Da = (Ra - Rai) * ADC
where,
Da = Axial deformation
Ra = Axial dial reading
Rai = Initial axial dial reading
ADC = Axial dial constant
Axial Load
The Axial loads can be specified directly or using readings from a load ring.

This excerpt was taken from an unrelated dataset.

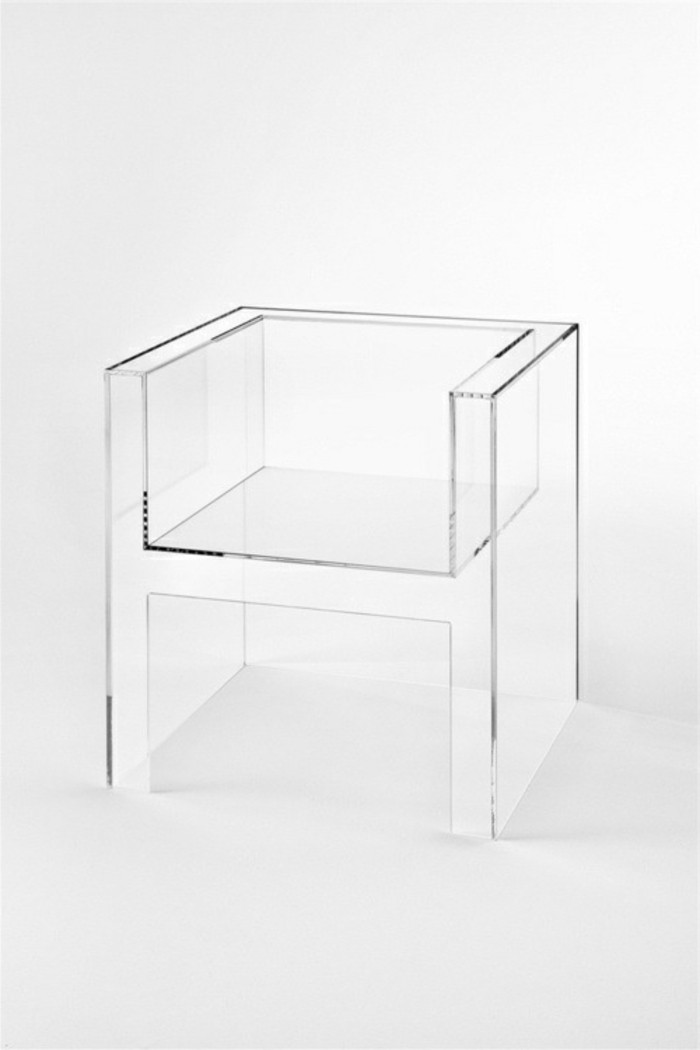 0-jolie-chaise-transparente-ikea-chaise-design-transparente-les-derneres-tendances-chez-les-chaises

When using readings from a load ring the readings are converted to loads either using load ring constants or a linear equation.
Load Ring Constant
If (R - R0) < Crossover Pa = (R - R0) * LRC1
If (R - R0) > Crossover Pa = Crossover * LRC1 + (R - R0 - Crossover) * LRC2
Linear
Pa = M * (R - R0) + C
where,
Pa = Axial load
R = Load dial reading
R0 = Initial load dial reading
LRC1 = Load ring constant 1
LRC2 = Load ring constant 2
M = Linear multiplier
C = Linear constant
Axial Strain
εa = Da / h
where,
εa = Axial strain
Da = Axial deformation
h = Saturated height of specimen, if not specified uses h0
h0 = Initial height
Deviator Stress
σd = Pa / A - ΔσRM - ΔσFP
where,
σd = Axial stress
Pa = Axial load
A = Cross-sectional area
ΔσRM = Rubber membrane correction, only applied if greater than 5% of σd (see below)

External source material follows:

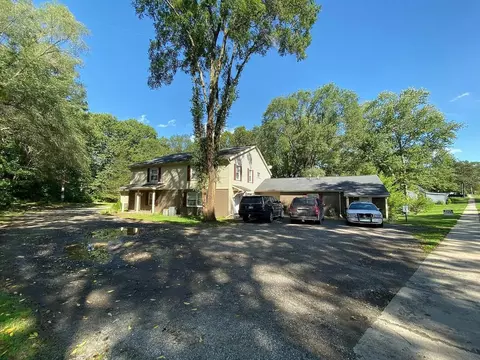 260 W Unadilla St, Pinckney, MI 48169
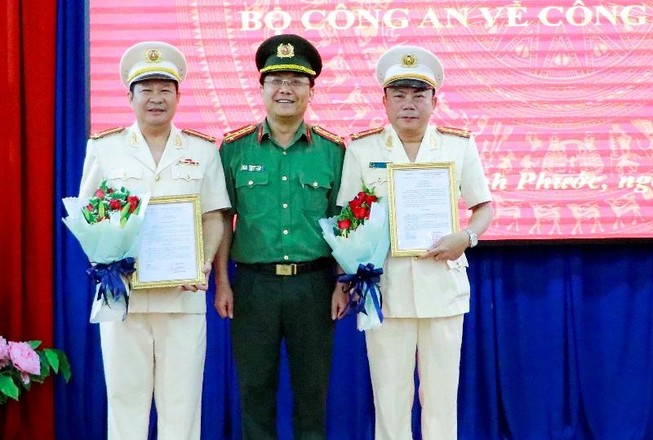 Công an Bình Phước có 2 phó giám đốc mới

ΔσFP = Filter paper correction, only applied if greater than 5% of σd (see below)
Minor Stress
σ3 = CP - Bp
where,
σ3 = Minor stress
Cp = Confining pressure
Bp = Back pressure
Major Stress
σ1 = σd + σ3
where,
σ1 = Major stress
Peak Compressive Strength
Compressive strength = maximum σd
Saturated Volume
If assuming 100% saturation,
Vsat = (Vs + Ms * wi - ΔV)
or using COE Uniform Strain method
Vsat = h * A0 * [1 - 2 * (h0 - h) / h0 ]
where,
Vsat = Saturated volume
Vs = Volume of solids = Ms / (SG * ρw)
Ms = Mass of solids = ρd * V0
A0 = Initial cross-sectional area = π * d02 / 4
V0 = Initial volume = A0 * h0
SG = Specific gravity
ρd = Initial dry density
ρw = Density of water (1.0 g/cm3)
ΔV = Saturated volume change
wi = Initial water content
d0 = Initial diameter
Cross-sectional Area
If calculating saturated results and saturated height specified,
A = Vsat / h
or else,
A = A0 / (1 - εa)
where,
A = Cross-sectional area
Rubber Membrane Correction
ΔσRM = 4 * Em * tm * εa / Dc
where,
ΔσRM = Rubber membrane correction
Em = Young's modulus
tm = Membrane thickness
Dc = Diameter after consolidation = (4 * Ac / π)½
Filter Paper Correction
ΔσFP = KFP * PFP / Ac For εa greater than 2%
ΔσFP = 50 * εa * KFP * PFP / Ac For εa less than 2%
where,
ΔσFP = Filter paper correction
KFP = Load carried per unit length of perimeter covered by filter paper
PFP = Perimeter covered by filter paper = %C * P
%C = Percentage of perimeter covered
P = Perimeter of specimen = π * d0
Water Content
wi (%) = 100 * (Mbwt - Mbdt) / (Mbdt - Mbt) Initial
or if Mbwt and Mbdt not specified,
wi (%) = 100 * [Mw - (Madt - Mat)] / (Madt - Mat) Initial
ws (%) = 100 * (Vsat - Vs) / Ms Saturated
wf (%) = 100 * (Mawt - Madt) / (Madt - Mat) Final
where,
wi = Initial percentage water content
ws = Saturated percentage water content
wf = Final percentage water content
Mbwt = Mass of tare and wet specimen before test
Mbdt = Mass of tare and dry specimen before test
Mbt = Mass of tare used before test
Mawt = Mass of tare and wet specimen after test
Madt = Mass of tare and dry specimen after test
Mat = Mass of tare used after test, if not specified uses mass of tare before test
Mw = Wet sample mass
Dry Density
ρi = Mw / V0 / (1+ wi/100) Initial
ρs = Ms / Vsat Saturated
where,
ρi = Initial dry density
ρs = Saturated dry density
Dry Unit Weight
γi = ρi * γw Initial
γs = ρs * γw Saturated
where,
γi = Initial dry unit weight
γs = Saturated dry unit weight
γw = Unit weight of water (9.807 kN/m3)
Saturation
Si (%) = 100 * Vwi / Vvi Initial
Ss (%) = 100 * Vws / Vvs Saturated
where,
Si = Initial saturation
Ss = Saturated saturation
Vwi = Initial volume of water in sample = (Mw - Ms) / ρw
Vws = Saturated volume of water in sample = [Vsat * ρs * (1 + ws/100) - Ms] / ρw
Vvi = Initial volume of voids = V0 - Vs
Vvs = Saturated volume of voids = Vsat - Vs
Void Ratio
ei = Vvi / Vs Initial
es = Vvs / Vs Saturated
where,
ei = Initial void ratio
es = Saturated void ratio